Although Powell struck a calmer tone on inflation, the Fed’s divided vote reflected the tension within its dual mandate: two hawkish dissents (Goolsbee and Schmid) and one dovish dissent (Miran).
Arora described the Fed’s projections as “Goldilocks-esque”, noting that the 2026 outlook saw an upward revision in growth and downward revision in inflation, which she said could signal expectations of improved productivity.
The Fed now sees 2026 growth at 2.3%, up 0.5 percentage points, while core inflation is forecast at 2.5%. The unemployment rate is projected to dip slightly to 4.4% from 4.5% this year.
JM Financial, however, called the projections optimistic, pointing out that Powell himself hinted at data distortions caused by the recent US government shutdown. The firm said, “We believe further deterioration in the labour market will open policy space for easing; moreover, the change of guard at the helm of the Fed will sentimentally revive expectations of policy easing in 2026.”
It added that markets have reacted positively and are now factoring in a status quo in January, although a clearer picture will only emerge as fresh labour and inflation data comes in.
Impact on Stock Markets
US equities greeted the policy decision with gains. The Dow Jones and S&P 500 rose up to 1%, while US Treasury yields fell between 2–5 basis points. The curve bull-steepened, with much of the movement occurring during Powell’s press conference, which markets interpreted as less hawkish than expected.
The 10-year US Treasury yield eased by 4 bps to 4.15%, and the Dollar Index weakened slightly.
Impact on the Rupee and FII Flows
Market uncertainty continues to cast a shadow over emerging markets, including India. Nachiketa Sawrikar of Artha Bharat Global Multiplier Fund said, “All this policy uncertainty is negative for emerging markets. Regarding India, the impact is a bit worse as the India–US trade deal has also not been finalised.”
He added that these developments are increasing downward pressure on the rupee–dollar exchange rate, and FII inflows into India may remain under pressure, potentially weighing on equity valuations and influencing debt markets.
Impact on Gold and Silver Prices
In contrast, precious metals stand to benefit. Sawrikar said that gold prices in India are likely to remain supported, as global uncertainty and a softening dollar typically strengthen safe-haven demand.
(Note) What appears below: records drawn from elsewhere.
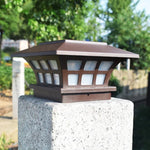 Solar-Kaffee-Säulen-Kopflampe, wasserdichte dekorative Wandlampe für den Außenbereich, weißes Licht, warmes Licht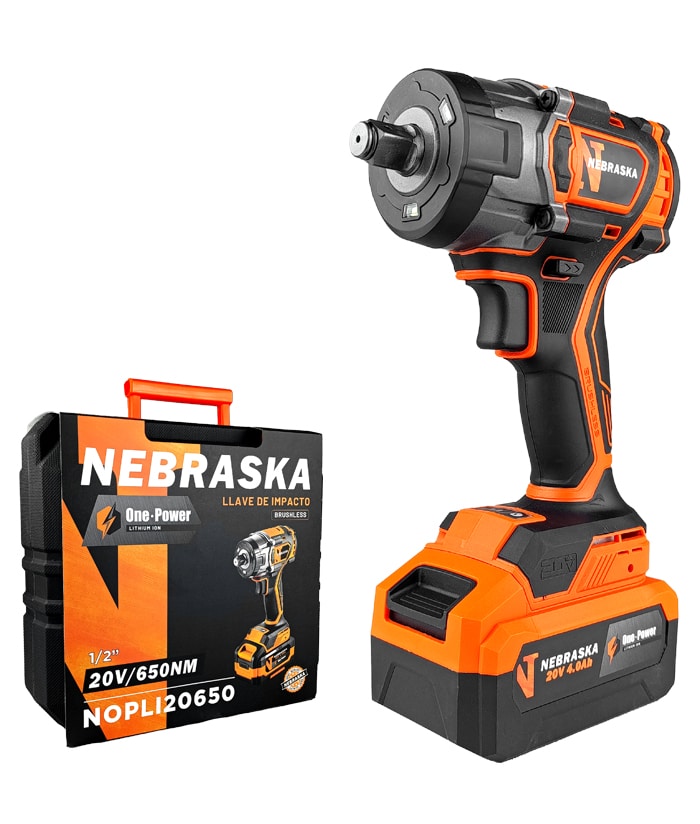 Llave de Impacto a Batería Inalámbrica 1/2" 20V 650Nm Motor Brushless One Power + 1 Batería 4.0Ah Amper + Cargador + Maletín Nebraska NOPLI20650
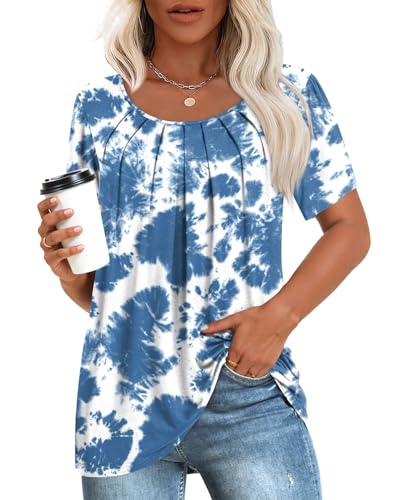 Anymeet Womens Tops Dressy Casual Summer Tunic Short Sleeve Pleated Blouse Basic Shirts Blue Tie-dye Large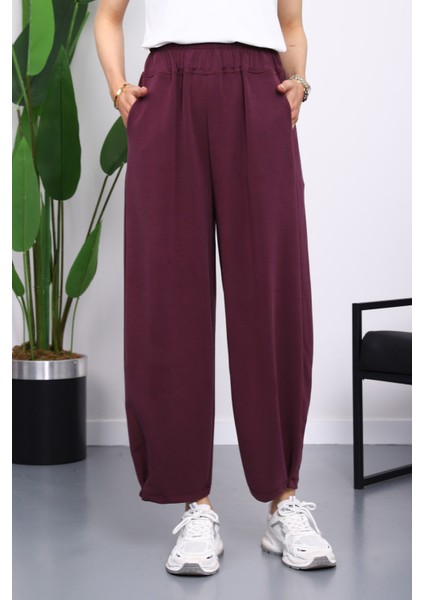 Mürdüm Bel Lastikli Cepli Pantolon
Ross Maxwell of VT Markets explained the dynamic: “A softer USD, combined with lower interest rates, supports gold and silver by reducing the opportunity cost of holding non-yielding assets. Investors tend to look toward safe-haven assets, strengthening demand for precious metals.”
He added that while silver also benefits, its industrial linkages introduce additional volatility and upside potential.
Maxwell further noted that although the rate cut provides relief, uncertainty surrounding US growth and limited room for further easing could restrain global sentiment: “Emerging markets could benefit from a softer USD, but volatility is likely to remain as the global markets adjusts to shifting US economic signals.”